Il legno del manico risulta abbastanza fresco, non molto diverso dal legno duro recente, ma non pietrificato; quindi improbabile sia stato parte di basi cretacee vicine. Più facile sia caduto o scartato da un minatore o da un artigiano locale negli ultimi cento anni.
Nel 1983 viene acquistato da un ricercatore, Carl Baugh. Nel 1986 esaminato e fotografato alla presenza del proprietario. Per anni Baugh ha sostenuto che apparteneva ad una formazione del periodo Ordoviciano, mentre altri, come Walter Lang e Bartz, hanno segnalato che il martello sia stato trovato in una roccia del periodo siluriano. In entrambi i casi la sua antichità risalirebbe a 300 o 400 milioni di anni. In effetti gli strati della roccia del luogo appartengono al cretaceo superiore della fase di formazione di Travis, considerato antico di circa 115 milioni anni dalla geologia convenzionale.
Baugh ha promosso il martello come un manufatto pre sommerso e lo ha tenuto sotto la sua protezione negandolo alle analisi dettagliate degli scienziati convenzionali.
Anche in questa vicenda il giudizio di un altro ricercatore, nel caso John Cole, determina una svolta. Egli ha precisato che "Chi non è pratico dei processi geologici non è a conoscenza che la concrezione del martello non è ordoviciana; ma i minerali dissolti degli strati antichi possono indurirsi intorno ad un oggetto recente caduto in una crepa o abbandonato sul terreno se la roccia di fonte, nel caso ordoviciana, è chimicamente solubile".

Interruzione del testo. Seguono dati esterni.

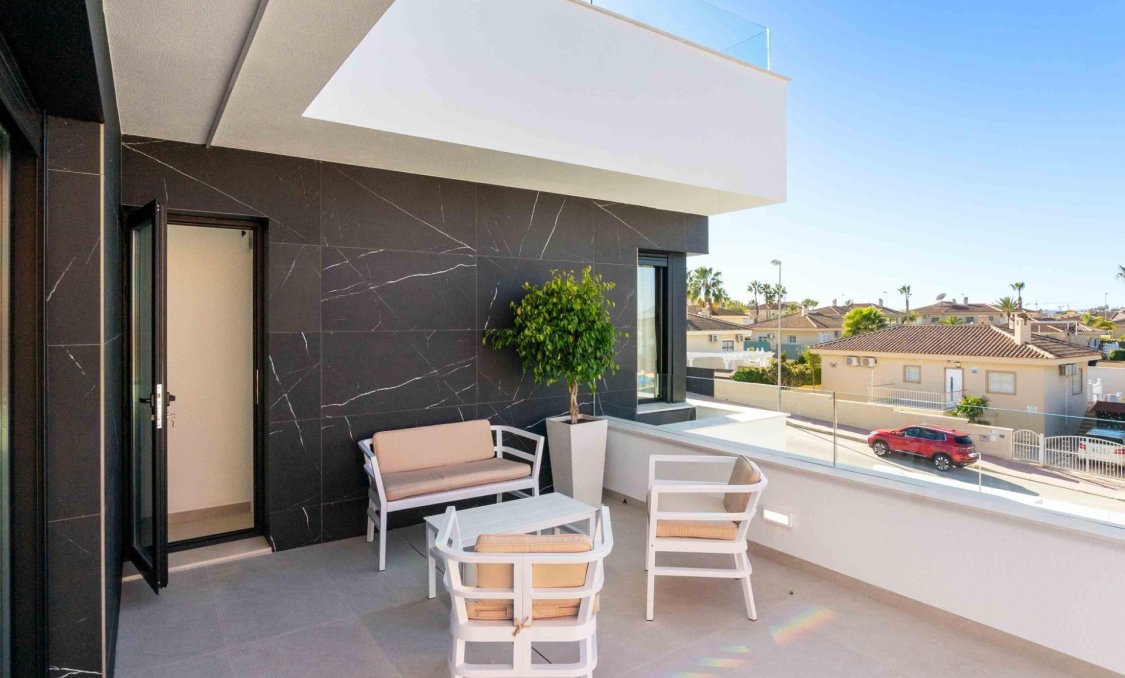 Obra nueva - villa -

Cole inoltre ha notato che il martello è di stile storico americano e probabilmente del diciannovesimo secolo.
Per considerare il martello un manufatto fuori posto si dovrebbe essere sicuri che sia stato incassato naturalmente nella roccia; dovremmo essere in grado di stabilire la sua età attraverso l’esame del carbonio 14 condotto sul manico di legno; ma da anni Baugh rifiuta di eseguire tale esame. Se Baugh non mostra interesse nella determinazione della verità significa che vuole nascondere qualcosa o teme il risultato degli accertamenti.
Quindi anche su questo reperto grava il dubbio della sua autenticità; sembra piuttosto frutto di speculazioni nate da un’errata valutazione, con la complicità del suo ultimo acquirente.

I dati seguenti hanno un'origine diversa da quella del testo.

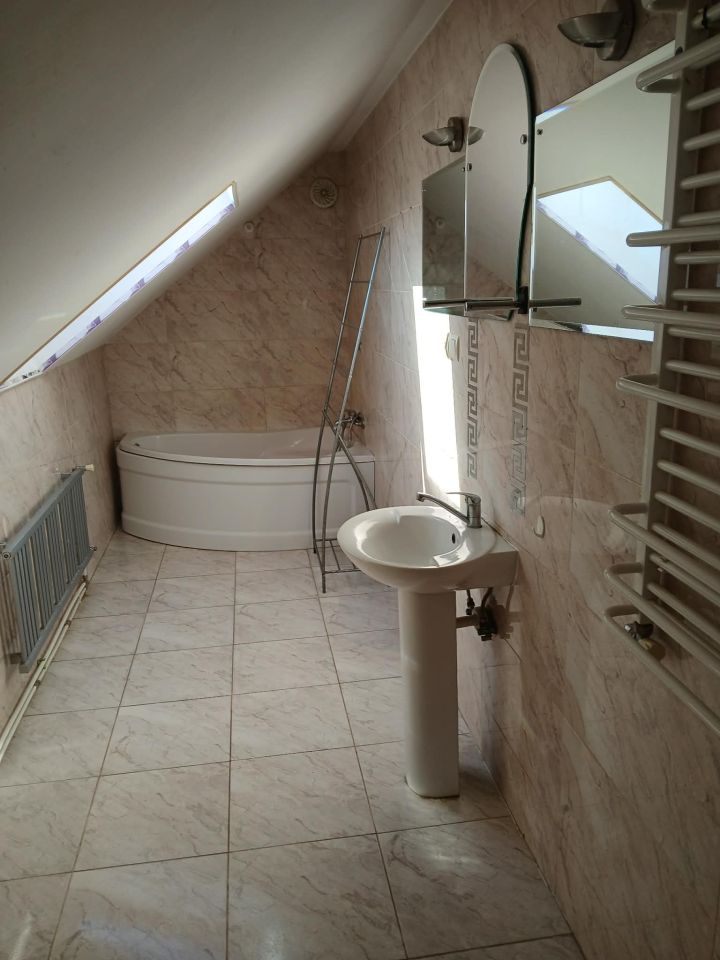 Mieszkanie 5-pokojowe Kabiny. Zdjęcie 14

In definitiva, per concludere, in entrambi i casi sopra descritti, si tratta di oggetti imprigionati, casualmente, dai minerali di una roccia chimicamente solubile che, nel corso di qualche decina di anni, tornano ad indurirsi intorno all’oggetto imprigionandolo e fornendo quella parvenza di antichità dovuta solo all’origine della roccia che si è disciolta.